Summerlee Museum of Scottish Industrial Life is an industrial and social history museum in Coatbridge, North Lanarkshire, Scotland. It is situated on the site of the Victorian Summerlee Iron Works and  the former Hydrocon Crane factory. The main Hydrocon factory building became the museum’s exhibition hall but it has been substantially changed and adapted since.  The museum aims to show Lanarkshire's contribution to engineering, mining, steel working, weaving and farming, and also show the lives of the people of the area. It includes interactive displays and a temporary exhibition space. Entry is free of charge.

The museum also incorporates several railway steam locomotives, preserved railway carriages from a 1960s-era Glasgow Class 311 and has a short working heritage tram line.

The museum covers 22 acres and includes two scheduled monuments, Summerlee Iron Works and the Monkland Canal, a large play area, mine and miners' row, outdoor exhibits, a cafe, changing place, gift shop and sweet shop.

The Miners' Row
Built in 1991-2, the miners' row, or "raw" shows typical workers' homes from the 1880s to the 1980s. In the row there is also a sweet shop selling old fashioned sweets and some of modern houses have gardens such as the 1940s house which has a wartime "dig for victory" garden with Anderson shelter.
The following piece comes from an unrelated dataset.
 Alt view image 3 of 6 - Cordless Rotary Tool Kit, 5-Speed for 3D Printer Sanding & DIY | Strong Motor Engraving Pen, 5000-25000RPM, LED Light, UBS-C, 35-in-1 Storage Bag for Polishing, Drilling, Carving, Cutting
The row is used frequently as a location for filming.

Summerlee Tramway

The Summerlee Transport Group (STG) was formed in 1988, in order to support the maintenance and operation of the tramway. The original tramway used to terminate only 300 yards from the entrance at the timber shed, before the extension of the Gartsherrie Branch canal bridge and thence towards the Miners' Cottages. As continued tradition, the cars continued to halt at the timber shed before continuing over the bridge and around the bend.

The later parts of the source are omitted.